FAQs : Text Summarization using NLTK
Q. What is NLTK?
A. NLTK, or Natural Language Toolkit, is a library in Python for working with human language data (texts). It provides easy-to-use interfaces to over 50 corpora and lexical resources and a suite of text processing libraries for classification, tokenization, stemming, tagging, parsing, and semantic reasoning.
Q. Why do we remove stopwords in text summarization?
A. Stopwords are words which are filtered out before processing because they are considered to be irrelevant for the meaning of the text. They include words like ‘is’, ‘and’, ‘the’, etc. Removing them helps in focusing on the important information.

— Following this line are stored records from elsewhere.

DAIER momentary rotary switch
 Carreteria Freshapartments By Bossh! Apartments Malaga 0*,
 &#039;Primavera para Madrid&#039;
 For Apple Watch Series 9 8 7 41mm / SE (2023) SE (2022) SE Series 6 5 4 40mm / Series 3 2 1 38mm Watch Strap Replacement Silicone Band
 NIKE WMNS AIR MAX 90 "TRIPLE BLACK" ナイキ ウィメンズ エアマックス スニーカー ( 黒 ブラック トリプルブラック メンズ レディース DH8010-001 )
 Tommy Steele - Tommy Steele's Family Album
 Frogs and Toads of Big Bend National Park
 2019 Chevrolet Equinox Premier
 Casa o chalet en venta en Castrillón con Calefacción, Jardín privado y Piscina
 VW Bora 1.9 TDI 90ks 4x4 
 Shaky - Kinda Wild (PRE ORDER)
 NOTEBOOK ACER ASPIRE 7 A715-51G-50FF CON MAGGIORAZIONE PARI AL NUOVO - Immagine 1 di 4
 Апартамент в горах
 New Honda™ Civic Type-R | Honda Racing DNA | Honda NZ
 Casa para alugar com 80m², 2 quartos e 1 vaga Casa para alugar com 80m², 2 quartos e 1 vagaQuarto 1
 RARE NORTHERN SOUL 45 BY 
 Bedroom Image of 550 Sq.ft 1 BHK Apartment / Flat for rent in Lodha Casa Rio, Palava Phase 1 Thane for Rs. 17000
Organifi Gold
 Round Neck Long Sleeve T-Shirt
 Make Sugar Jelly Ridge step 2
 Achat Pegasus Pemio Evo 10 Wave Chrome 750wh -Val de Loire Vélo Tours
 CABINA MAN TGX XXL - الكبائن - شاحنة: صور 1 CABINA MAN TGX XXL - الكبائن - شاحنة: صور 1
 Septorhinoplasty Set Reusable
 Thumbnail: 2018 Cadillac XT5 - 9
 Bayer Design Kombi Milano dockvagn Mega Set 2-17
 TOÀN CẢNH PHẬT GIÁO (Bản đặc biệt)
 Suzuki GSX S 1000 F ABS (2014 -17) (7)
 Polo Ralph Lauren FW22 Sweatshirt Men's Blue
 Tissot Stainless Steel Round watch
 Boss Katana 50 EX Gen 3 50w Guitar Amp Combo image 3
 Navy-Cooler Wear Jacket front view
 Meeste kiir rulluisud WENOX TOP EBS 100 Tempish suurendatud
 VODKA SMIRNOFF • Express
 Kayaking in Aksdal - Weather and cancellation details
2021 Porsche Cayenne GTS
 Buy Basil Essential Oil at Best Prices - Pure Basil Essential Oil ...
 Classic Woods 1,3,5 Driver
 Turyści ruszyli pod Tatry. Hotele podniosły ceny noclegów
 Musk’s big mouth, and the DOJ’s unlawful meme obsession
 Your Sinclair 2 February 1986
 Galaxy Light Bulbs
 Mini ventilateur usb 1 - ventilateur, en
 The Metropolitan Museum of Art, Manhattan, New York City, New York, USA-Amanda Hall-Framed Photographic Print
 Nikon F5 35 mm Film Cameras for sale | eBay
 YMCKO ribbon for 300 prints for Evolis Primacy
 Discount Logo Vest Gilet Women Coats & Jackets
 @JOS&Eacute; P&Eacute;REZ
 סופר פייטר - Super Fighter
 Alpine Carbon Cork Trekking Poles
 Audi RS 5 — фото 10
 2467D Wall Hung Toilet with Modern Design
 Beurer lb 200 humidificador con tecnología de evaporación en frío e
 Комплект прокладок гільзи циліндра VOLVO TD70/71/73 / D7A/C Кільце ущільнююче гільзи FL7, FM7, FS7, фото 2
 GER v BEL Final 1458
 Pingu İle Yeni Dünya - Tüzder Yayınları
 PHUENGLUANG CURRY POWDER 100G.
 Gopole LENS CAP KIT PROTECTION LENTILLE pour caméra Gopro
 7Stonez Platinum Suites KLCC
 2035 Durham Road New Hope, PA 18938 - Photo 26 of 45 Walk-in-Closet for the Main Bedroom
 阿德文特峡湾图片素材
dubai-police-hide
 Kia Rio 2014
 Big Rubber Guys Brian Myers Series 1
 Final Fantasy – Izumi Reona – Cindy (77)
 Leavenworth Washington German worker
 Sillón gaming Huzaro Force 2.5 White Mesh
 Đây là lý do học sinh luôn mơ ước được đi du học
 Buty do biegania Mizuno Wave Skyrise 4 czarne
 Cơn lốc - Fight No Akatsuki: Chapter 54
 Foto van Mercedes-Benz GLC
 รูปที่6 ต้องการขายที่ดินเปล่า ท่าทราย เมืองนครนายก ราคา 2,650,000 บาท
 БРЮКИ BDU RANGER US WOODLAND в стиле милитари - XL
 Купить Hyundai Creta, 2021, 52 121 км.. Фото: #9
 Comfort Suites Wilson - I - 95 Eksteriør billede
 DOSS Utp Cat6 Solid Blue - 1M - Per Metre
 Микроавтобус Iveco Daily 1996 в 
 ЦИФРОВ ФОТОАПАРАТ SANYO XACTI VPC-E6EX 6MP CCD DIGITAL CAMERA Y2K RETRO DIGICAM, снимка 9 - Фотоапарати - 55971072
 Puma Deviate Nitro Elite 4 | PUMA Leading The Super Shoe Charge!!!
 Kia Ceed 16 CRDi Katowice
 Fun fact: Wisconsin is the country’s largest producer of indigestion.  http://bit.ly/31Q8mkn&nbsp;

Q. How do you determine the importance of a sentence?
A. The importance of a sentence is often determined by the occurrence of high-frequency words. If a sentence contains more high-frequency words, it is considered more important, which is a basic approach. More sophisticated methods may involve machine learning and understanding of the context.
Q. Can NLTK be used for complex text summarization?
A. NLTK provides the basic tools for text processing and can be used to build a simple text summarizer. However, for more complex tasks involving understanding the context and semantics of the text, additional tools and advanced algorithms like deep learning are typically used.
Q. Is there a difference between extractive and abstractive summarization?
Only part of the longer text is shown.